Cuthbert Lockwood of St. Martin's-in-the-Fields broke into the house of Thomas Price and stole velvet and gold lace belonging to Queen Anne (fn. 3) (p. 308).
William Woodfen stole a dapple-grey gelding worth £10 from the Archbishop of Canterbury, for which he went to the gallows (p. 188). The Archbishop was George Abbot, who was elected in 1611 and held the see until his death in 1633.

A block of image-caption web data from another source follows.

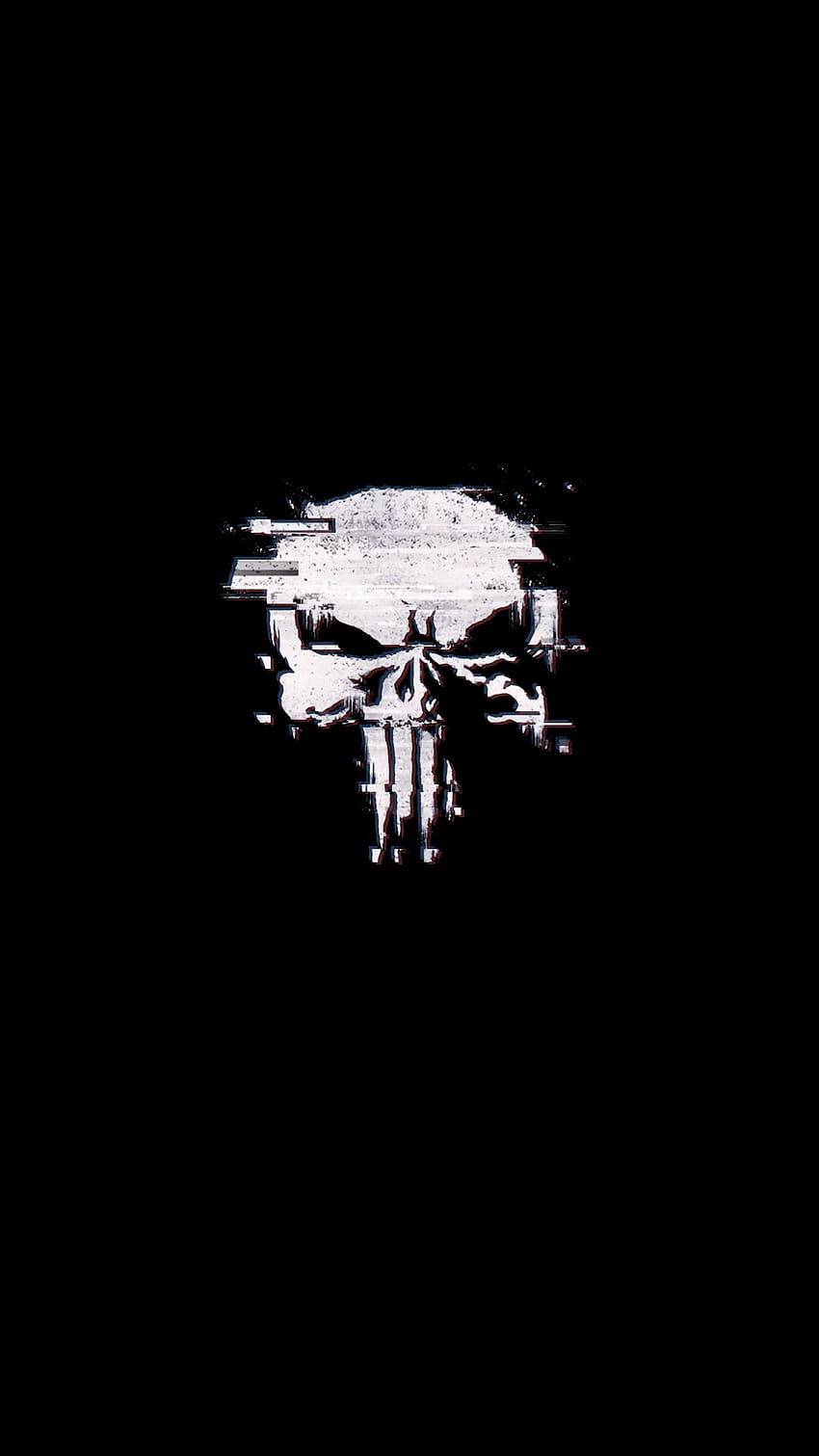 The Punisher Iphone in 2020, marvel punisher art 2020 HD phone wallpaper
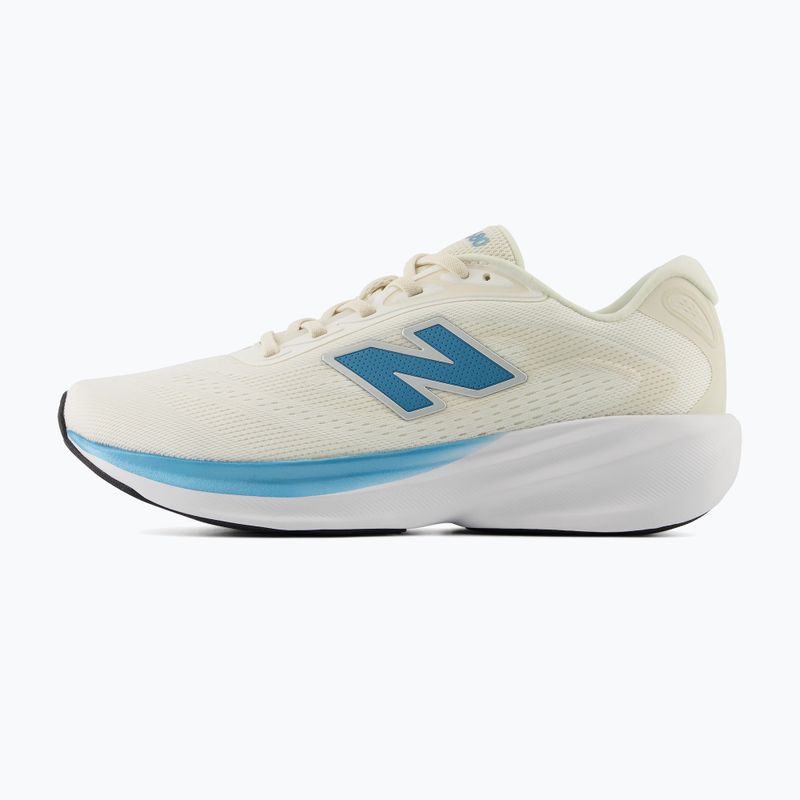 Női futócipők New Balance Fresh Foam 680's V9 sea salt/altitude metallic/white 3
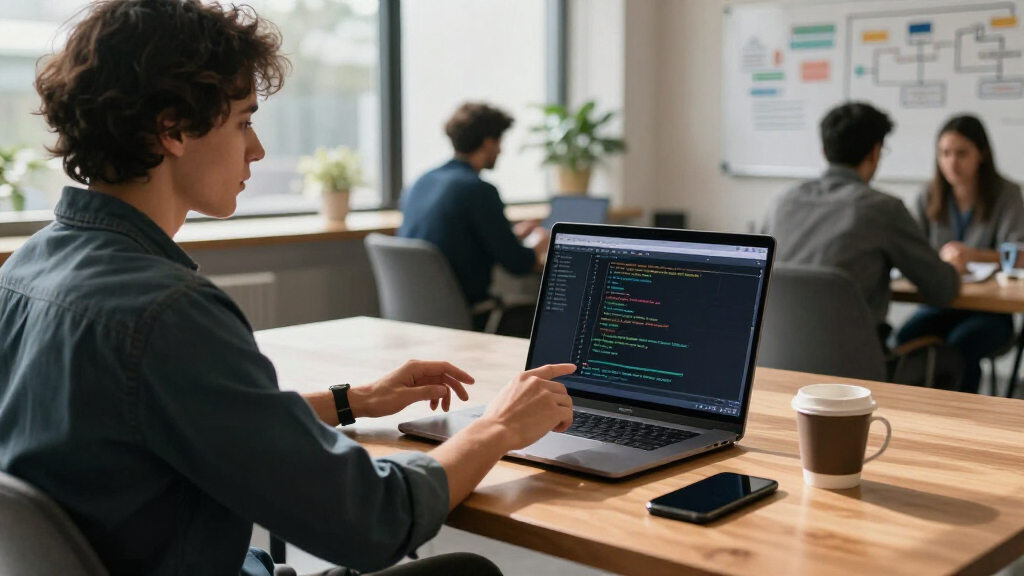 The Pulse: RoR Creator Sparks New “Death Of Coding By Hand” Debate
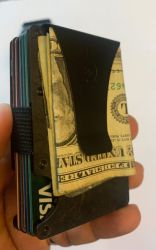 Ridge Wallet 1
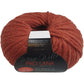 Pro Lana - Alpaka deluxe - 50g/150m - 28 orangerot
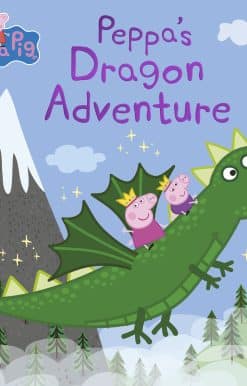 Peppa Pig: Peppa's Dragon Adventure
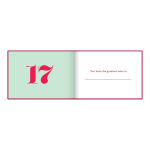 Alternative view 16 of What I Love about You Fill in the Love Book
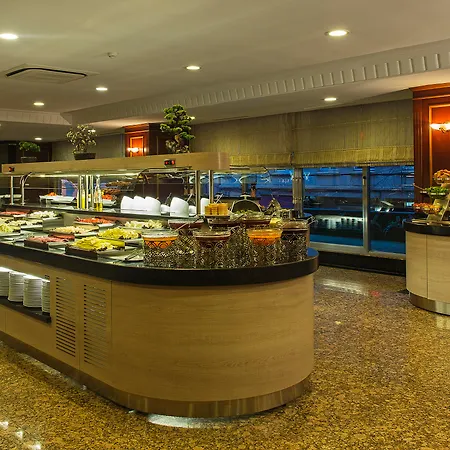 Arts Taksim 4*
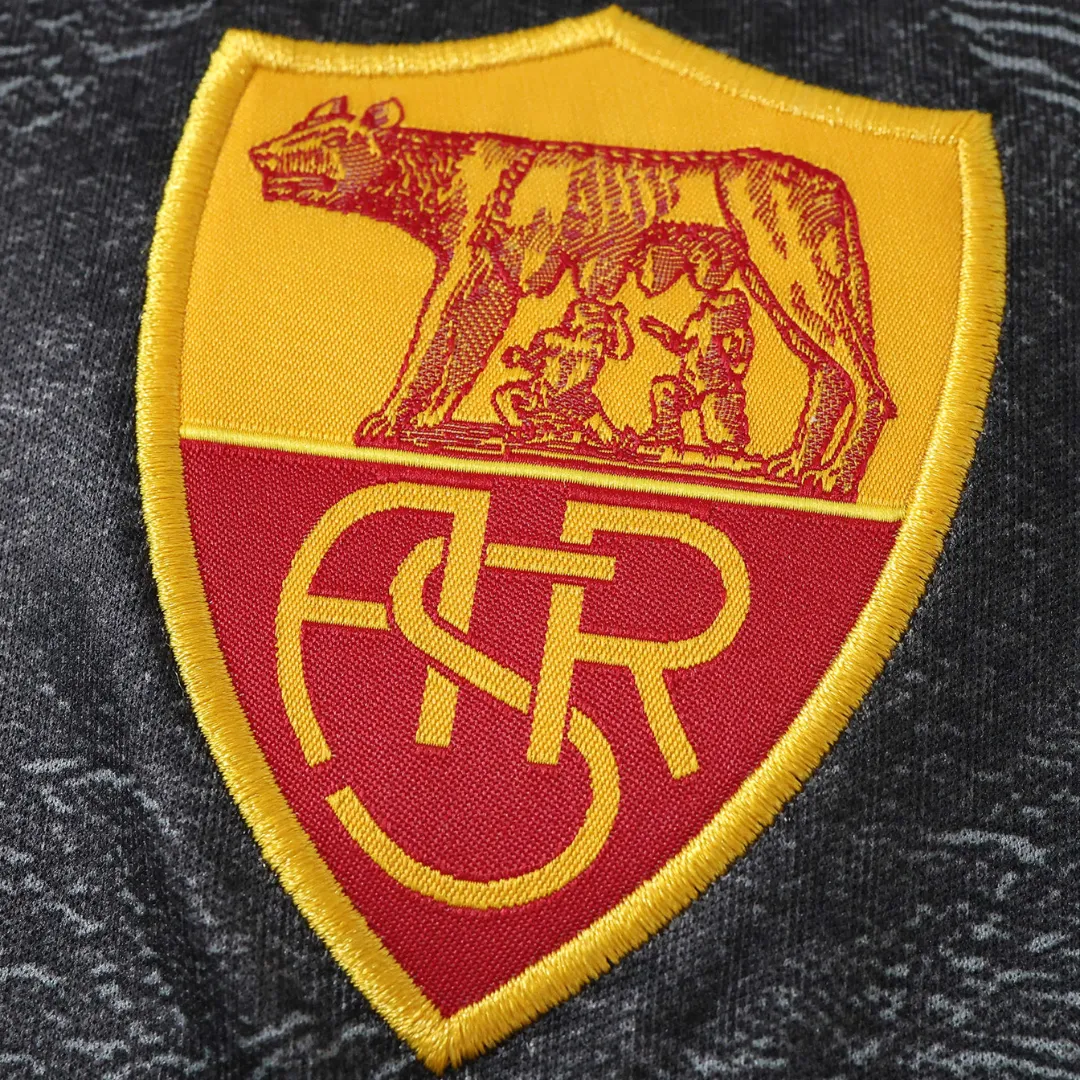 AS Roma Alternativa 26/27 - Imagen 3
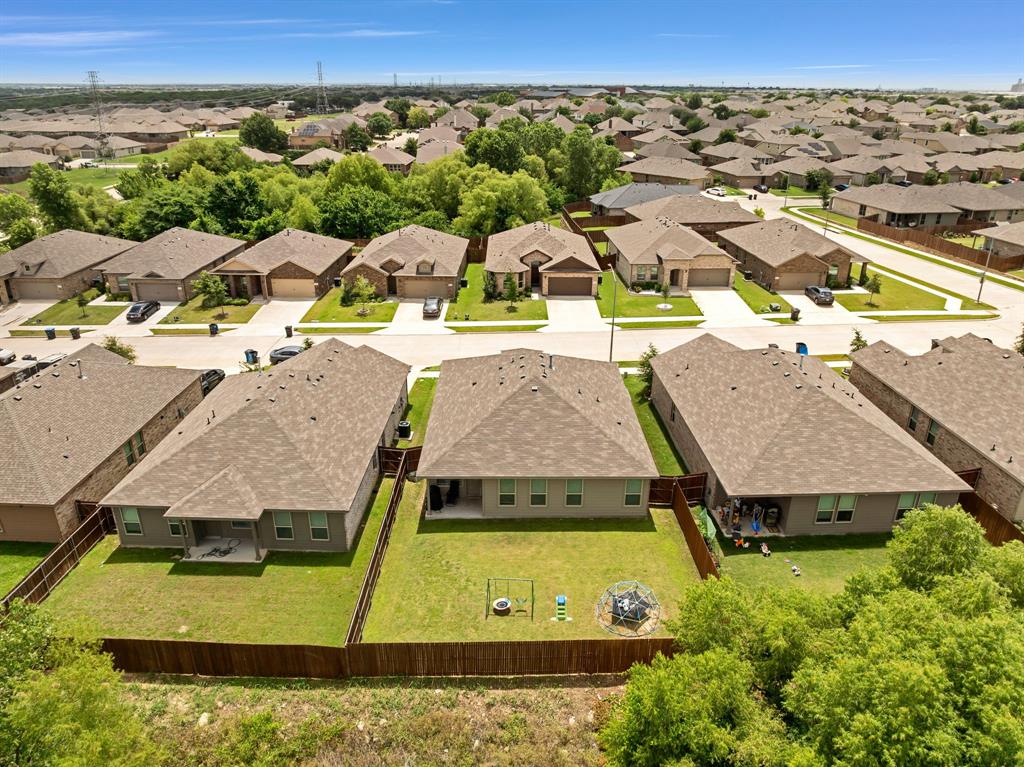 Bar C Ranch - Residential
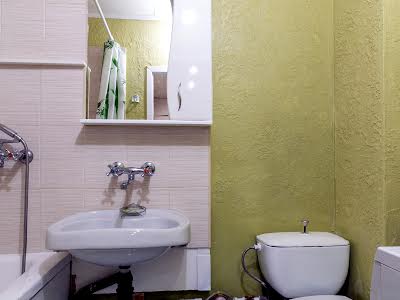квартира за адресою Тростянецька вул., 5А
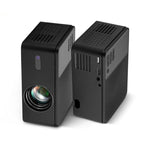 AUN A32 Pro 1280x720P 300ANSI Android 13 WIFI Display Smart Projector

The house at Mile End of Ann, Countess of Dorset, widow of Thomas Sackville, the second Earl, was broken into (pp. 2, 128), while other houses to be burgled included those of Sir George Hall at Ratcliffe (p. 54) and of Sir John Butler at Old Street (p. 54).
The Earl of Lincoln made the serious complaint against William James, a locksmith, that he made a key which opened a chest in the Earl's house in Cannon Row, for it was due to the making of this key that £1,000 was taken out of the chest. Sir Henry Fiennes, also of Cannon Row, stood surety for Francis Needham, his servant, and for Richard Browne of Ketton, co. Rutland, gentleman, who were also accused of being connected with the opening of the chest and the taking of the £1,000 (p. 85). It appears probable that Sir Henry was. related both to William Fiennes, afterwards Lord Saye and Sele, and to the Earl of Lincoln, for Theophilus Clinton, afterwards sixteenth Earl of Lincoln, married Bridget, daughter of the same William Fiennes.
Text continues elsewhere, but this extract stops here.